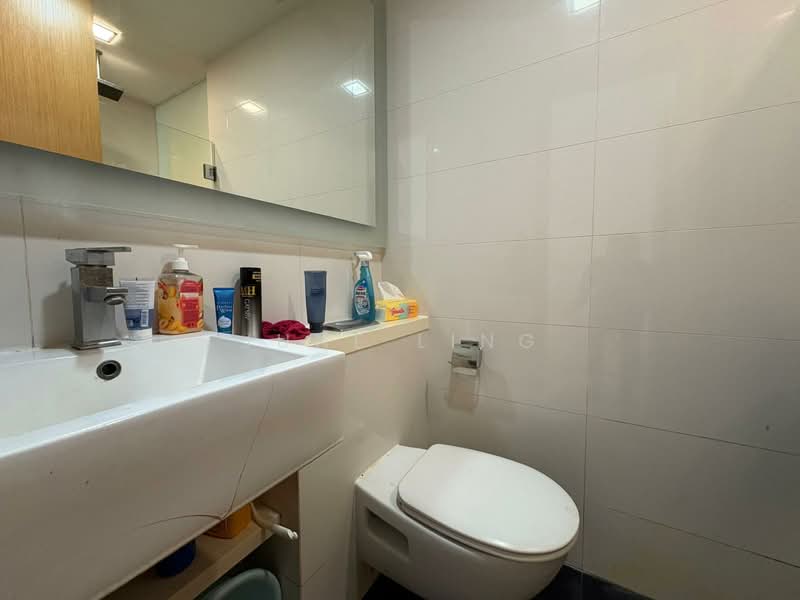 Lumiere, 2 Mistri Road, 1 Bedroom, 506 sqft, Apartment For Sale, by June Ling, 60102215 - Bathroom - PropertyGuru.com.sg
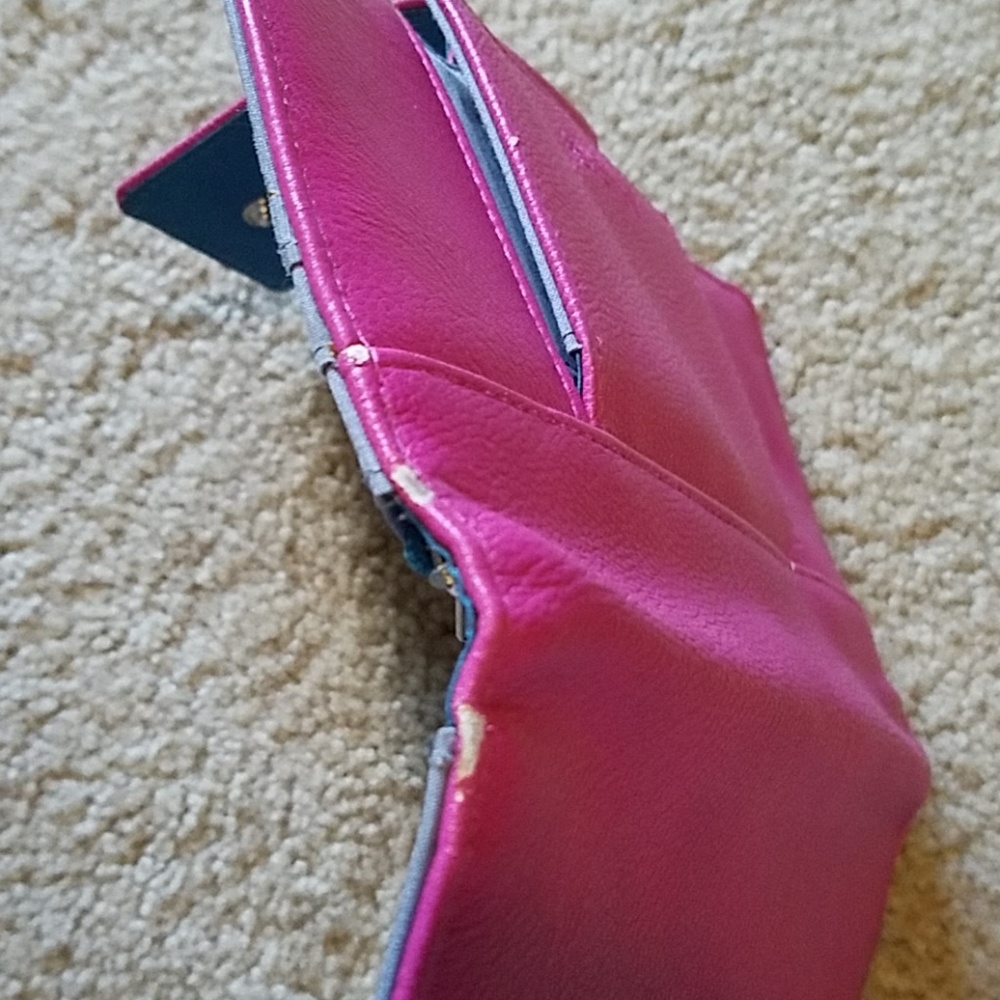 Wallet - Picture 4 of 5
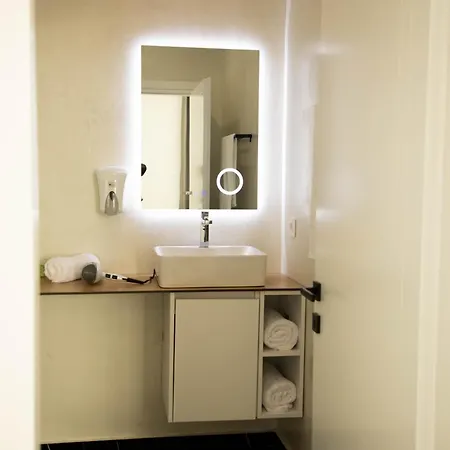 Διαμέρισμα Grand View 360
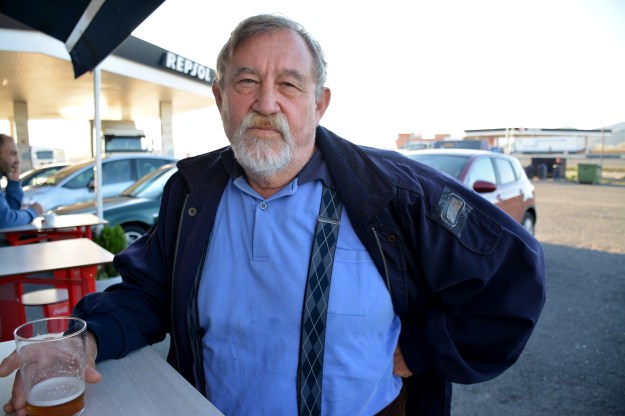 señor frances con tirantes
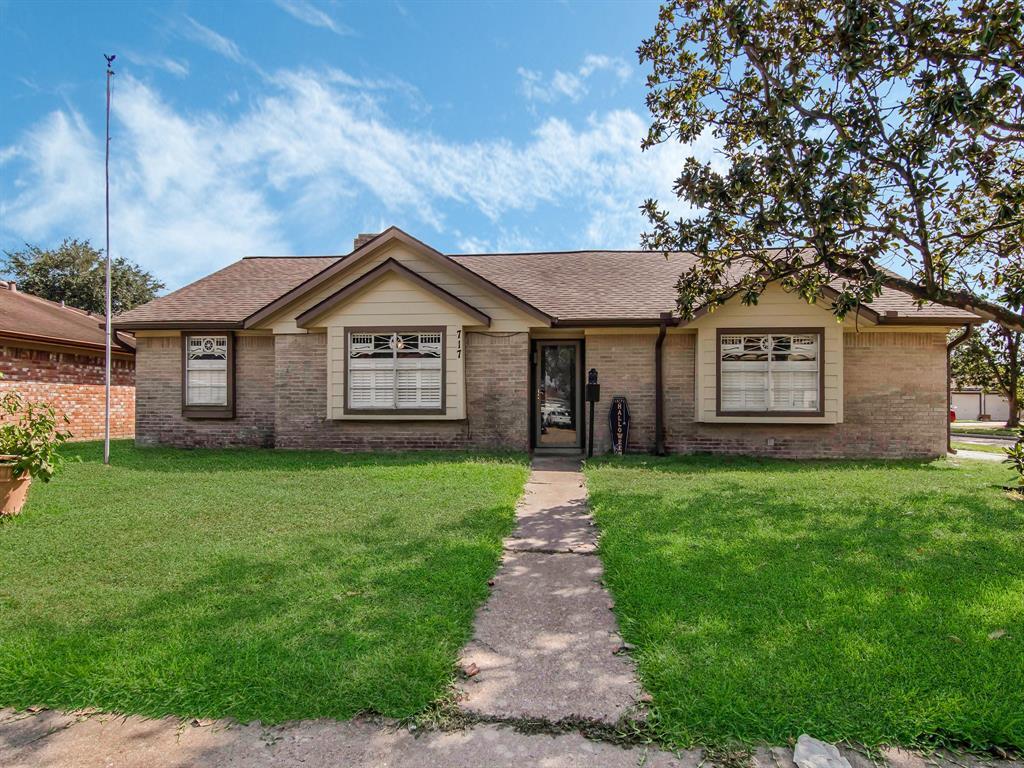 Foto principal - 717 Yale Ln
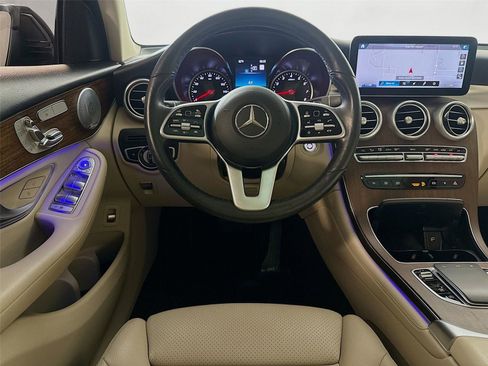 Used 2020 Mercedes-Benz GLC 300 4MATIC image 3
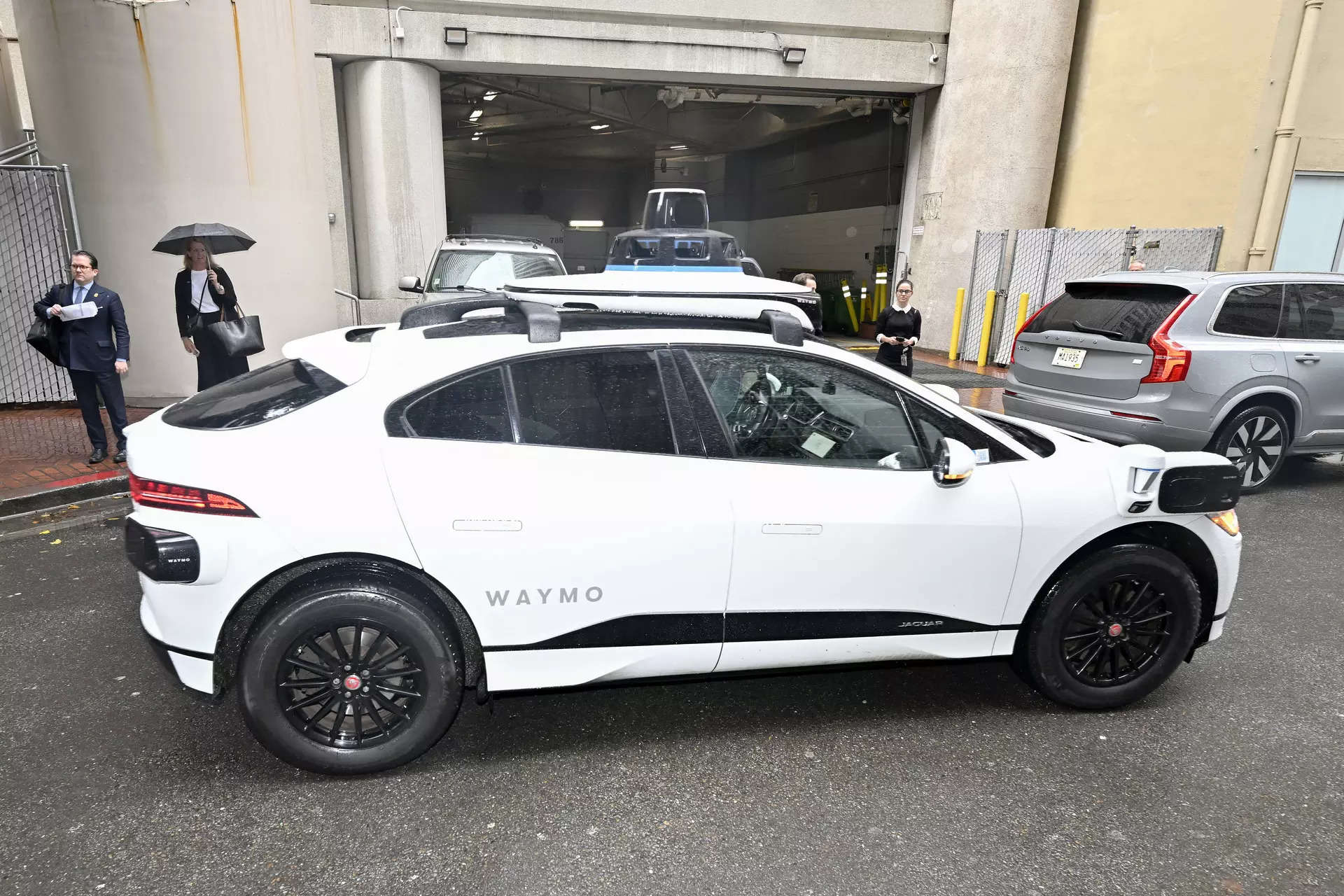 <p>For now, Waymo's free rides in Los Angeles will cover a 63-square-mile (101-square-kilometer) area spanning from Santa Monica to downtown.</p>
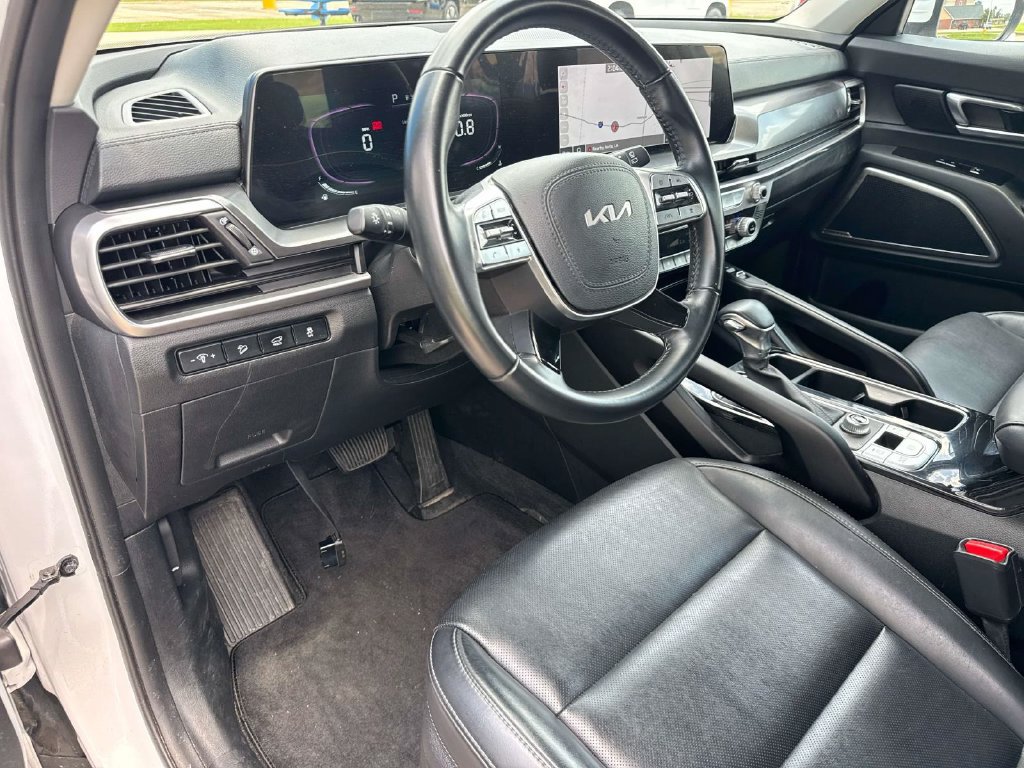 Used 2025 Kia Telluride S FWD image 23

━━━━━━━━━━

• Task goal
Retype the whole listing exactly. Do not include the pictures.

• Result
 Lumiere, 2 Mistri Road, 1 Bedroom, 506 sqft, Apartment For Sale, by June Ling, 60102215 - Bathroom - PropertyGuru.com.sg
 Wallet - Picture 4 of 5
 Διαμέρισμα Grand View 360
 señor frances con tirantes
 Foto principal - 717 Yale Ln
 Used 2020 Mercedes-Benz GLC 300 4MATIC image 3
 <p>For now, Waymo's free rides in Los Angeles will cover a 63-square-mile (101-square-kilometer) area spanning from Santa Monica to downtown.</p>
 Used 2025 Kia Telluride S FWD image 23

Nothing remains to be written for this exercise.